Cash Shoppers Subsidize Luxury Credit Card Perks as Swipe Fees Surge

A Harvard Business School study estimates that cash and debit card users effectively transfer $30 billion annually to affluent credit card holders through inflated retail prices.

Lucía Paredes

2 min read

Cash Shoppers Subsidize Luxury Credit Card Perks as Swipe Fees Surge
A credit card terminal at a retail checkout counter.

Retailers and economists are highlighting a growing economic imbalance: merchants are raising prices to cover escalating credit card processing fees, a cost burden that disproportionately falls on cash-paying customers who receive no rewards in return. At the Tiger Fuel gas station and convenience store in Ruckersville, Virginia, managers report that they now pay more in credit card processing fees than they do in rent.

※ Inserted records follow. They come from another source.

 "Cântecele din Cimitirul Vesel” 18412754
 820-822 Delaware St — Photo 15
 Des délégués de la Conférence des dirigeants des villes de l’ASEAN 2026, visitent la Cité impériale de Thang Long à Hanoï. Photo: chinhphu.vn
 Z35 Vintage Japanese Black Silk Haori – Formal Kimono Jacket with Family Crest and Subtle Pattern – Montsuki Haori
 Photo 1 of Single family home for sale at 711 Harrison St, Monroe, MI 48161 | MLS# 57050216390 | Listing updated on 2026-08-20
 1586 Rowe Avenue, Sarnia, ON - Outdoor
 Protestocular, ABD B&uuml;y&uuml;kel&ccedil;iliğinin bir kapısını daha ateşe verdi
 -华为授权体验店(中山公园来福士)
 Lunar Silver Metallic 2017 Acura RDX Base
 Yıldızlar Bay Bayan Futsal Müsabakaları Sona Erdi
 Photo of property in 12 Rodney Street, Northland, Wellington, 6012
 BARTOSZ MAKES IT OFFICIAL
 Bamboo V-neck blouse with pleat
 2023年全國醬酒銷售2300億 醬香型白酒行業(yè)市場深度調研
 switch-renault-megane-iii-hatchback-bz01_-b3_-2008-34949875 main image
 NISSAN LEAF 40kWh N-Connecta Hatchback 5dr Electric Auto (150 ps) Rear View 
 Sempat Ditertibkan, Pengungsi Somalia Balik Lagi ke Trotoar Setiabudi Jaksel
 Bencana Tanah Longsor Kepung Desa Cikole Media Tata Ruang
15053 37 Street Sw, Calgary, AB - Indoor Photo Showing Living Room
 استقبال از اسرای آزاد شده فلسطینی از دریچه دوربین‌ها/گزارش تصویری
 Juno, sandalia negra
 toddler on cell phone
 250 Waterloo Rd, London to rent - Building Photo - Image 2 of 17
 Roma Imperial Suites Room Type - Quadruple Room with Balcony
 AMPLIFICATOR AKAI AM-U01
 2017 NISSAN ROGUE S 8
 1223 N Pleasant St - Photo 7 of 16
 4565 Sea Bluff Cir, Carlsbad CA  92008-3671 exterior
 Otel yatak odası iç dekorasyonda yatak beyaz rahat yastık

Maurice Lamarche, vice president of retail operations for Tiger Fuel Co., noted that these fees, which can reach 2% or higher for premium cards offering luxury rewards, limit the company’s ability to allocate funds toward wages or lower prices. "It’s tougher for us to stay afloat, tougher for us to make money at our stores," Lamarche said. "It makes it harder for us to keep our prices low."

Data indicates that the financial pressure on merchants has intensified significantly over the last several years. Total credit and debit card fees paid by merchants to processors, led by firms like Visa and Mastercard, have increased 70% since 2019, reaching $198 billion in 2025. The National Retail Federation estimates that these swipe fees add more than $1,200 in annual costs to the average American household.

The financial impact of this system is not distributed evenly across the population. While credit card users often recoup the cost of transaction fees through luxury perks—such as airline lounge access, flight points, and cash back—those who pay with cash or standard debit cards have no mechanism to offset the higher prices embedded in retail goods.

A Harvard Business School study published this year characterized this phenomenon as a $30 billion annual wealth transfer from cash and debit users to credit card holders. Mark Egan, a professor at Harvard and co-author of the study, explained that the rewards structure creates a net loss for non-credit users. "If I pay with cash, I pay a higher price, but I don’t get any rewards, so I’m going to be hurt by that," Egan told NBC News.

This dynamic particularly affects lower- and middle-income Americans, who are statistically more likely to rely on cash for daily purchases, according to Federal Reserve data. Meanwhile, the luxury cards that generate the highest processing fees are primarily held by wealthier consumers, effectively creating a system where low-income shoppers subsidize the travel and rewards programs of the affluent.